ノモスという時計のブランドにあまりなじみはないのではないでしょうか。ノモスはドイツで時計産業が盛んだった、グラスヒュッテ地方で1906年から東西ドイツの分裂までドイツの時計産業とともに歩んだメーカーです。ベルリンの壁崩壊後1992年にグラスヒュッテの地で再興を果たし、以前のように最高級の素材を使ったユニークな時計を製造しています。
ノモスの最新作の一つが、タンジェント ルテニウム デイトです。これはノモスの定番であるタンジェントシリーズで、白金の一種のルテニウムを文字盤に使用しているところからこの名前が来ています。文字盤の色は濃いグレーで文字は金色で、シックな中にも光を放ちます。革バンドで、スマートな印象の腕時計です。

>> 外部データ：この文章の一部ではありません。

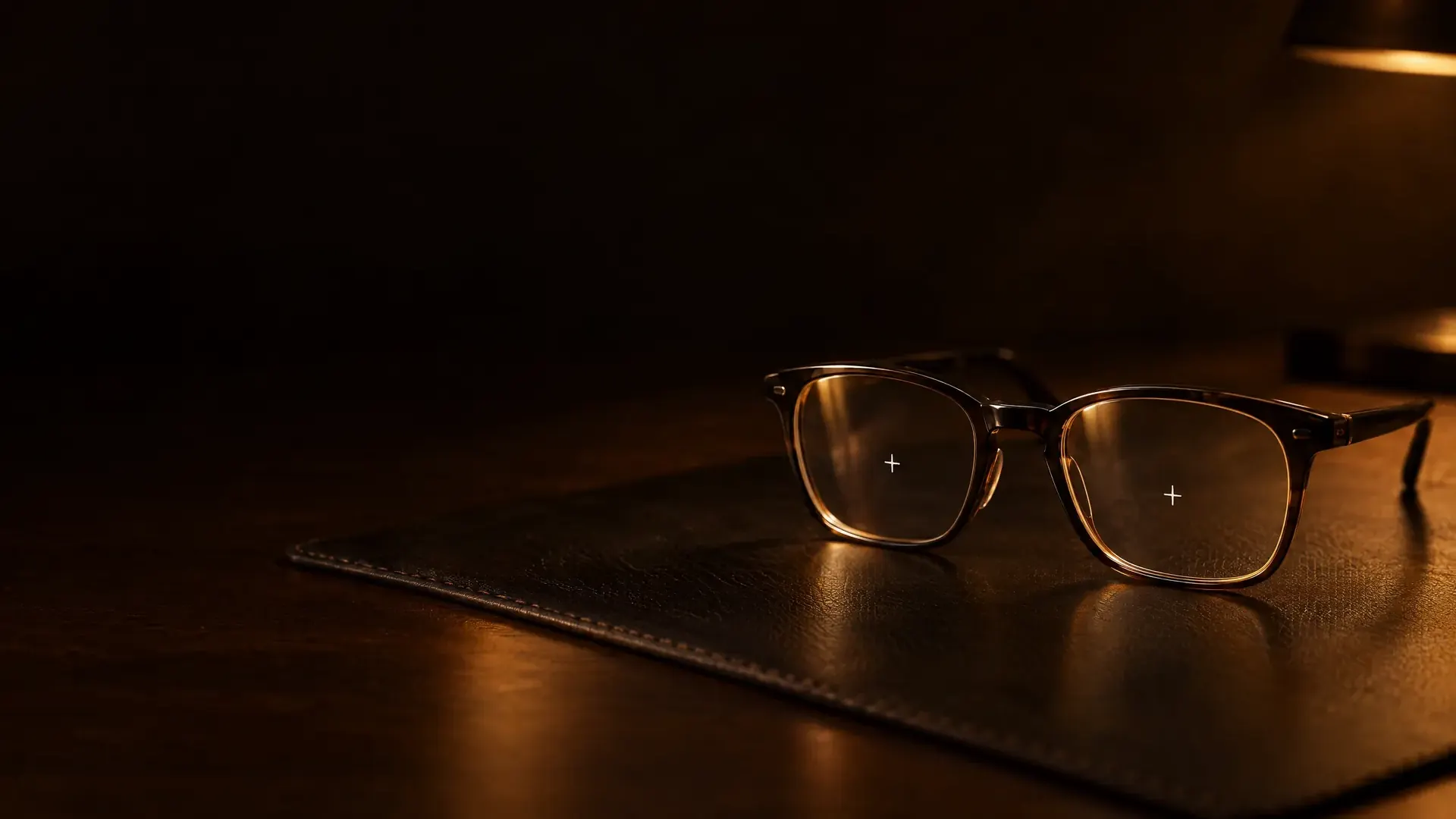 A frame with clear demonstration lenses on a leather fitting mat, a small fitting cross marked on each lens.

タンジェント ルテニウム デイトの機能としては、まず自動巻きであることが上げられるでしょう。ドイツの時計産業の古きよき時代そのままの自動巻きです。防水は30メートルと一般的。ステンレスケースの径が35ミリと一般的な腕時計です。デイトと付くタイプには日付表示があり、それがないベーシックのものも存在しています。
ノモスのデザインは、まったく無駄がないというのが第一印象です。バウハウスの流れを汲むデザインです。シンプルでしかも飽きがこないデザインは、すべての人に好感をもたれるというよりも、好きな人はたまらなく好きというのが、ノモスの時計のデザインではないかと思います。華麗というよりも、シンプルで車で言えばドイツ車のベンツではないかと思います。

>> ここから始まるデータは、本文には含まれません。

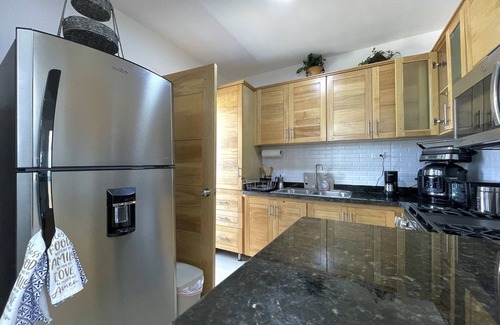 Guaricano Apartment | Cozy Apartment with Pool View 10 minutes USA Embassy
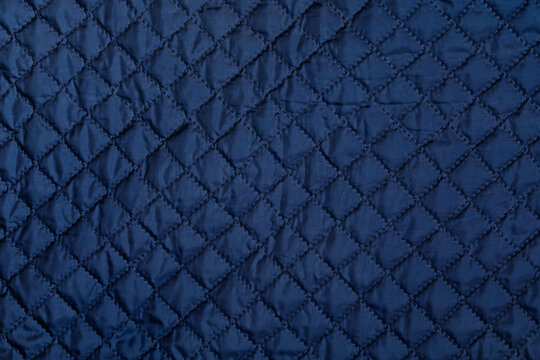 Blue texture of puffer, padded, down jacket. Background of urban winter outfit. Quilted pattern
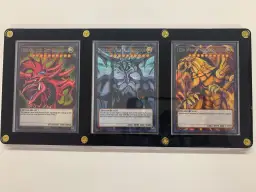 Trzy karty Yu-Gi-Oh! w ramce: Slifer the Sky Dragon, Obelisk the Tormentor i The Winged Dragon of Ra.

タンジェント ルテニウム デイトの特徴は、再興した当初はノモスはETA製のムーブメントを使っていました。しかし、2005年から地板も自社生産の自社のムーブメントを搭載しました。この自社製のムーブメントは大成功で、人気の原因の一つとなっています。
ノモスは知る人ぞ知るという高級時計なのです。しかし、有名なロレックスなどほどの値段がしないので、購入しやすい価格帯の時計とも言われています。タグ・ホイヤーに近い価格帯で、素材はタグ・ホイヤーを凌いだ素材を使い高級感たっぷりです。なぜそんなコストが高く徹底的な技術をつぎ込んでもこの値段で作れるのかといわれがちです。このノモスは、広告宣伝をあまりしないことでも有名です。そのため価格がおされられているということです。
ノモスの印象は、シンプルだけど高級です。前述したようにベンツのようにシンプルだけど作りは高級なのです。過剰なデザインもなく、絞りきったデザインは、持つ人をも選ぶように思います。服装よりも持つ人の個性が素敵だったらより個性を光らせることができるのがノモスの腕時計のように思えます。